Using an adapter that simulates the IS20/38 turbocharger compressor housing the results were even, all of the new elbows flowed the same as the MST elbow.
The same airflow from four different elbows prompted the question if the IS20/38 adapter was limiting these intakes and led to further testing.
Setup:
For the next test a larger adapter is to be used. This adapter is a straight silicone coupler that has an inside diameter (ID) of 57mm. This ID is excellent for creating a snug fit around the outlet of all four elbows and gives a straight path into the flow bench.
By comparison the IS20/38 turbocharger compressor housing inlet has an ID of approximately 49mm.
Aside from the change in the adapter type this test is the same as the previous one and testing will be done at a depression of 28″ of H2O. Once again the products being tested are:
- 034 Motorsport + Racingline hose
- DBV2 + MST hose
- IE + MST hose
- MST + MST hose
Testing:
First to be tested is the 034 Motorsport elbow.
Result: 506 CFM
Second to be tested is the Integrated Engineering inlet elbow.
Result: 475 CFM
Third to be tested is MST Performance.
Result: 513 CFM
Fourth, and final, to be tested is the DBV2 inlet elbow.
Result: 527 CFM
Results Summary:
All products showed significant airflow gains with the larger adapter. Gains range from 16% to 29% versus the maximum airflow measured using the IS20/38 sized adapter.
The variation in gains among these products that all had equivalent airflow through a smaller adapter raises a question of what caused the readings to now be different? Comparing product dimensions with results to identify possible correlation shows a strong relationship between the elbow outlet inside diameter and the maximum airflow measurement.

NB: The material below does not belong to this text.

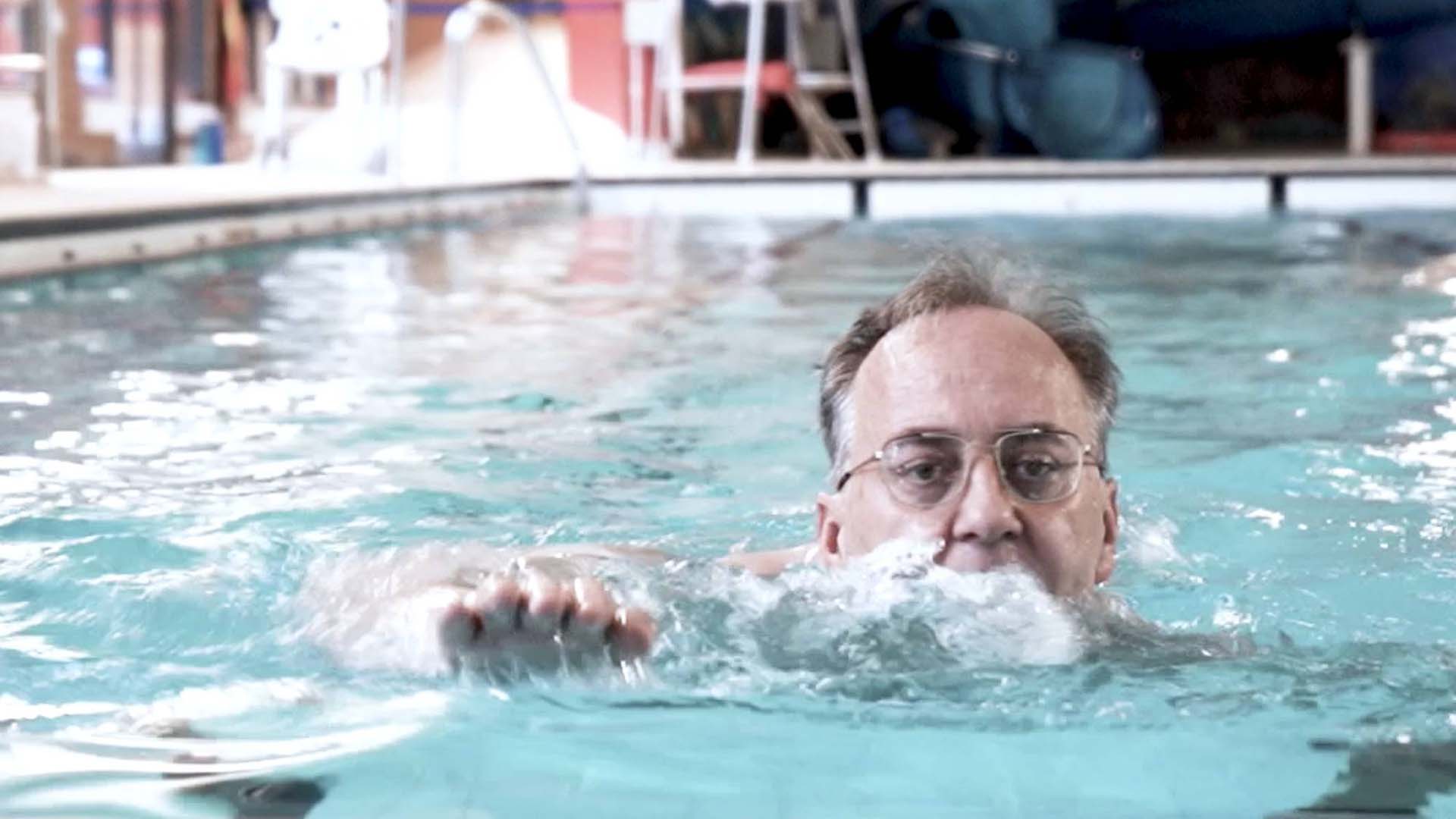 An older man swimming in an indoor pool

The list below gives the products in order of peak airflow measured, 1 being the most and 4 being the least, followed by the inside diameter of the elbow outlet.
- DBV2 – 527 CFM – 55.3 mm
- MST – 513 CFM – 53.0 mm
- 034 – 506 CFM – 50.5 mm
- IE – 475 CFM – 49.0 mm
Versus the top flowing DBV2 elbow the other products measured:
- The MST elbow flows 2.7% less air and has an outlet diameter 4.2% less than the DBV2.

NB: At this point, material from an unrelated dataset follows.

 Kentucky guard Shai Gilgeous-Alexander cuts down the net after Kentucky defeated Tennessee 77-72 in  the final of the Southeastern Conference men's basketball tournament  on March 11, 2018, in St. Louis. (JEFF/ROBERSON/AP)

- The 034 elbow flows 4% less air and has an outlet diameter 8.7% less than the DBV2.
- The IE elbow flows 10% less air and has an outlet diameter 11% less than the DBV2.
The 034 elbow does not have the same strength of correlation between airflow and outlet diameter that the MST and IE elbows do. This suggests that something else is significantly different with the 034 elbow and has enabled it to flow more than would be expected based upon the outlet diameter.
Inspection of the 034 elbow shows that the PCV port is designed with a clearly smaller hole than the other elbows. It is possible that the smaller hole creates less turbulence facilitating higher airflow.
A test of velocity uniformity exiting the 034, IE, and MST elbows, such as was done during the first series of inlet elbow tests, may reveal if this hypothesis is correct.
Conclusion:
All four of the inlet elbows that were tested using a larger adapter produced significantly higher airflow compared to the same elbows using an IS20/38 turbo size adapter.
Airflow gains at a pressure drop of 28″ of H2O ranged from 16-29%.
The DBV2 inlet elbow allowed the highest airflow, 527 CFM.
So the conclusion is that no matter the inlet elbow, the true bottleneck is the turbo’s compressor housing inlet. In other words, every single “upgrade” elbow does nothing to address the limits of the housing downstream of them. That includes ours. Interesting.
What might be the case is that if the turbo compressor housing inlet were tested alone without an inlet elbow it might only be capable of flowing 410 CFM at 28″. In that case, no matter what elbow is placed before the turbo compressor housing inlet the airflow will not go any higher, if the test is at 28″ of H2O.